Task item: When you copy from the entries that follow, take only the lines from the one with "PowerStop — Power" down to the one with "Handy Laundry Portable", keeping both ends and dropping every picture.

Listed entries:
- Opening Delimiter -
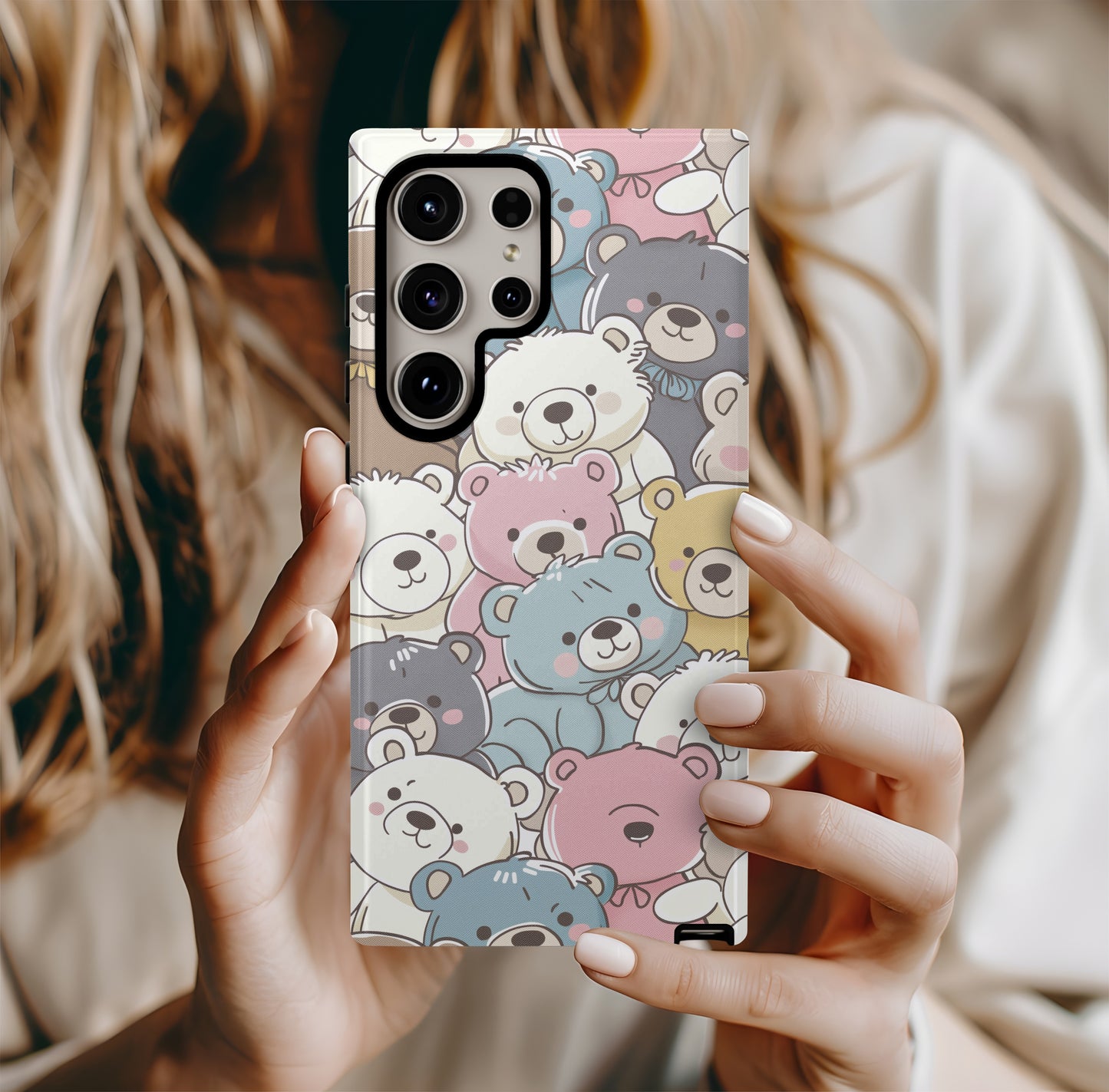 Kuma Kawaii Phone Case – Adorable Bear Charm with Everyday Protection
- Closing Delimiter -
- Opening Delimiter -
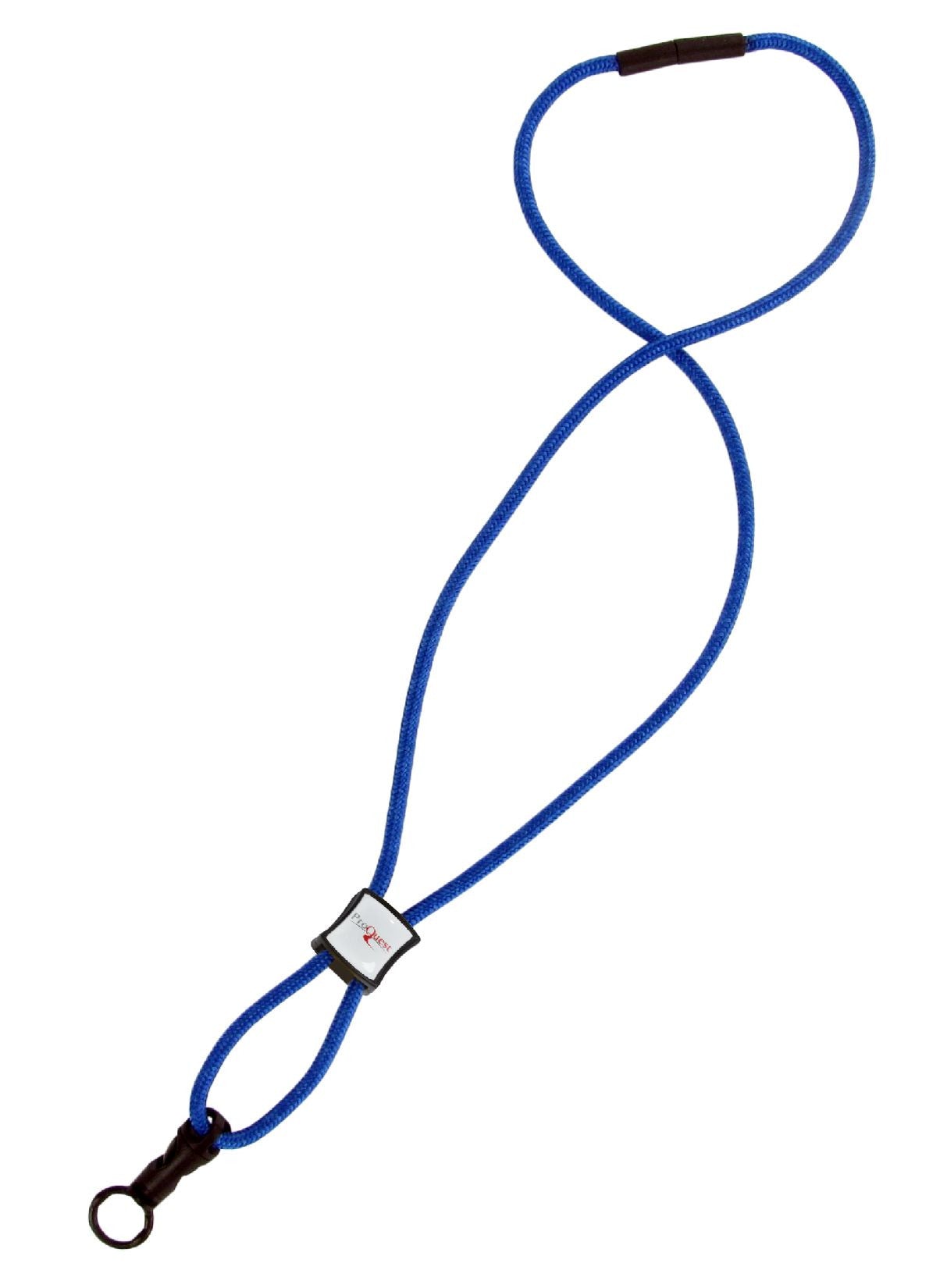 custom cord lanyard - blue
- Closing Delimiter -
- Opening Delimiter -
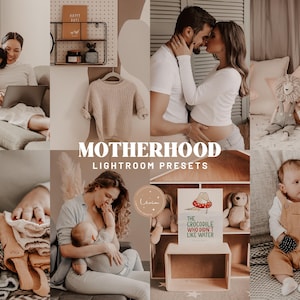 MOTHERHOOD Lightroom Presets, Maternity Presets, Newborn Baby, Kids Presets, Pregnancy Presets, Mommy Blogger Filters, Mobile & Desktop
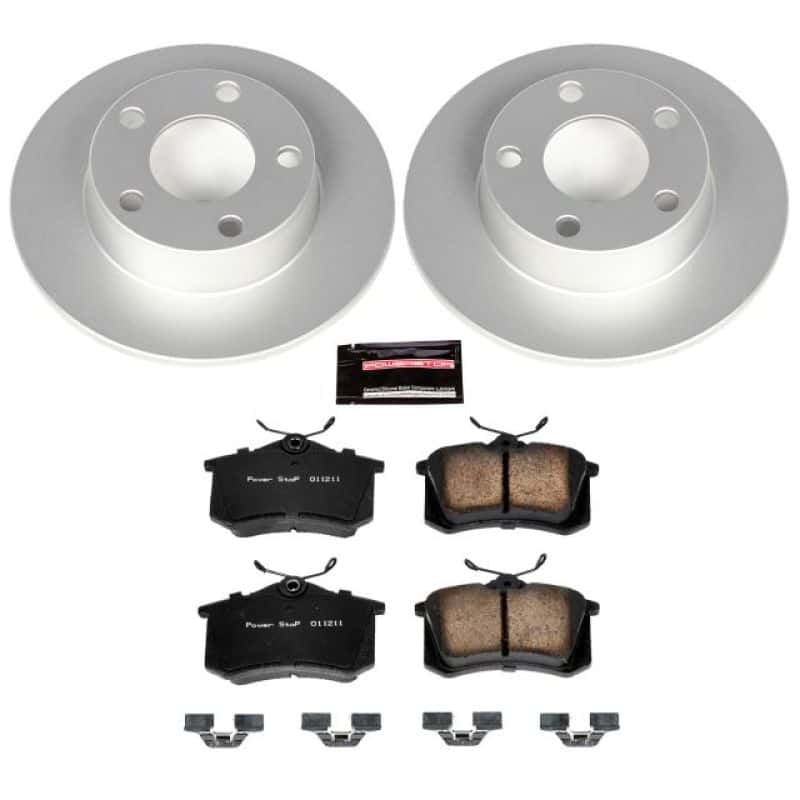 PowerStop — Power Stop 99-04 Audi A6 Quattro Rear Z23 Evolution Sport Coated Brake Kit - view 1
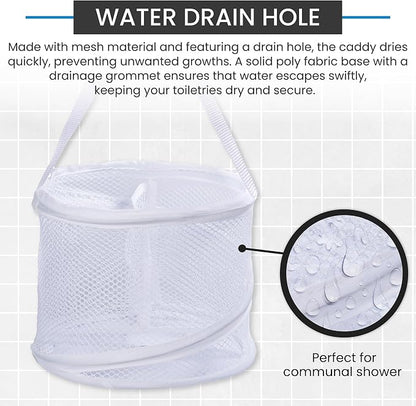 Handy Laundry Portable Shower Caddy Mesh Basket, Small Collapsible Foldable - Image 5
- Closing Delimiter -
Solution:
 PowerStop — Power Stop 99-04 Audi A6 Quattro Rear Z23 Evolution Sport Coated Brake Kit - view 1
 Handy Laundry Portable Shower Caddy Mesh Basket, Small Collapsible Foldable - Image 5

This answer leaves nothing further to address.